Erwin Schrödinger: Was ist Leben?

Der Physiker Schrödinger auf Abwegen: In diesem Buch (auf Englisch erstmals 1944 erschienen) widmet er sich der Frage nach den grundlegenden Strukturen des Lebens. Und das Buch wurde nicht nur zu einem Erfolg, sondern hatte auch auf den späteren Nobelpreisträger James Watson einen entscheidenden Einfluss in Bezug auf dessen Entdeckung der Doppelhelix.

Aber Schrödingers Blick ist der eines Physikers – und genau das macht dieses Buch so lesenswert und auch für Biologen so wertvoll. Kein Geschwafel über die Seele, über die Besonderheiten des Geistes, sondern die reduktionistische Frage, welche Bestandteile für die Vererbung von Bedeutung sind. Das es sich hierbei um Materielles handelt, um der Chemie bekannte Substanzen, steht für ihn außer Diskussion: Auch die Biologie kann die grundlegenden Gesetze der Physik oder Chemie nicht ignorieren – im Gegenteil: Nur auf dieser Basis ist eine umfassende Erklärung möglich.

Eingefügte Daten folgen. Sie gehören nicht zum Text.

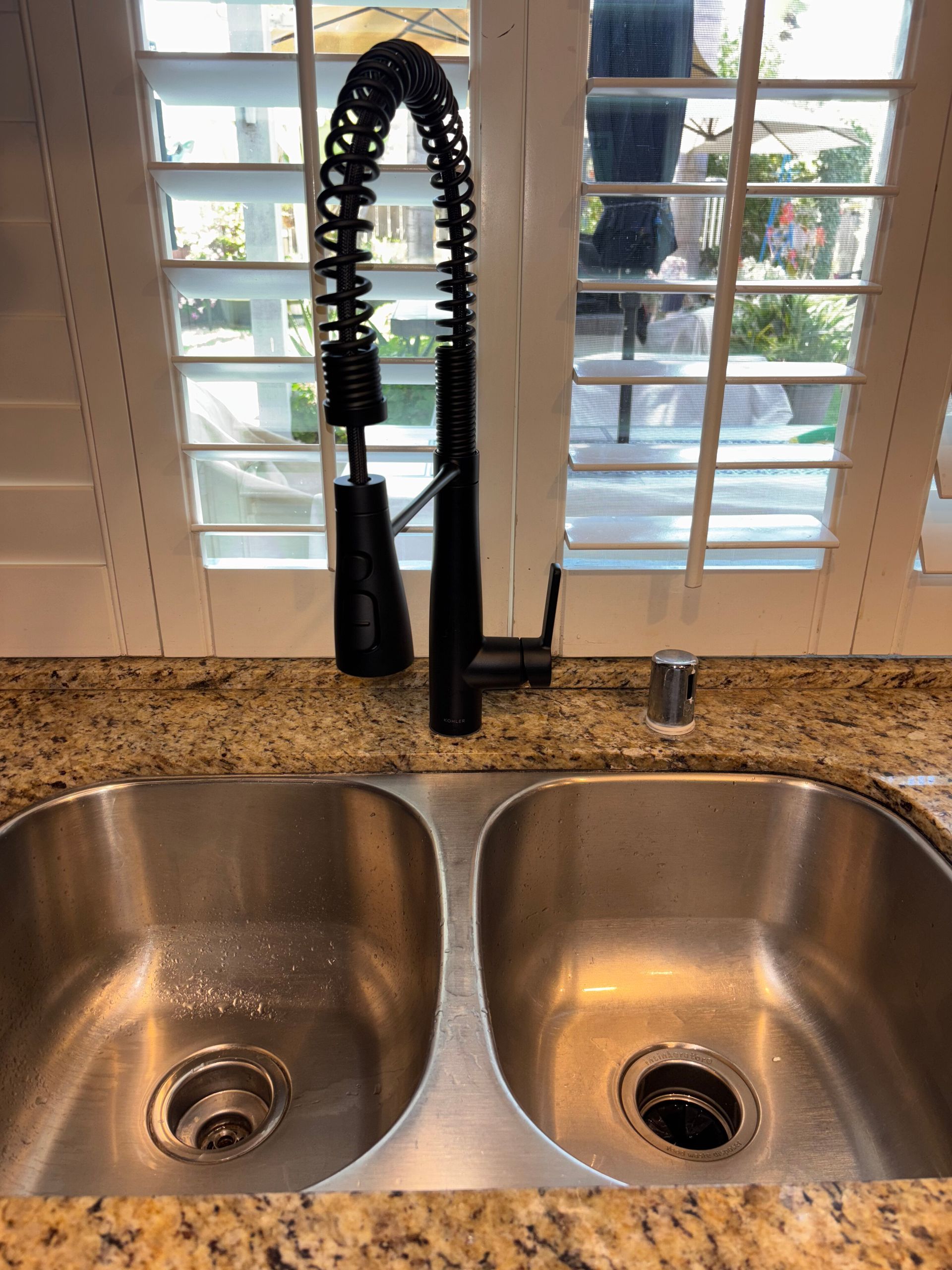 Double kitchen sink under a window with shutters and a black spring faucet.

Trotz einiger (selbstverständlicher) Irrtümer besticht Schrödinger durch enorme Weitsicht (sodass die Anregungen für Watson und Crick mehr als verständlich werden): Er weist darauf hin, dass es nur einiger grundlegender chemischer Verbindungen bedarf (man vermutete damals, dass es sich um Proteine handeln würde, die Desoxyribonukleinsäure war noch nicht der erste Anwärter für die Codierung der Erbvorgänge), um durch deren mögliche Kombinationen auch so hochkomplexe Strukturen hervorzubringen, wie wir sie bei allen Lebewesen finden. Dabei werden Vererbungsmechanismen oder Mutationen grosso modo richtig vorhergesehen und als Physiker verweist er auch auf die Wichtigkeit von Quantentheorie und Entropie für das Modell des Lebens (das mit der „klassischen“ Physik nicht immer zu erklären wäre). Selbst als er sich gegen Ende des Buches an philosophischen Fragestellungen versucht, sind seine Thesen denen professioneller Philosophen durchauch gleichwertig (und er scheitert wie diese an Problemen der Willensfreiheit, während er für das „Ich“ eine sehr stark an Mach erinnernde Konzeption wählt).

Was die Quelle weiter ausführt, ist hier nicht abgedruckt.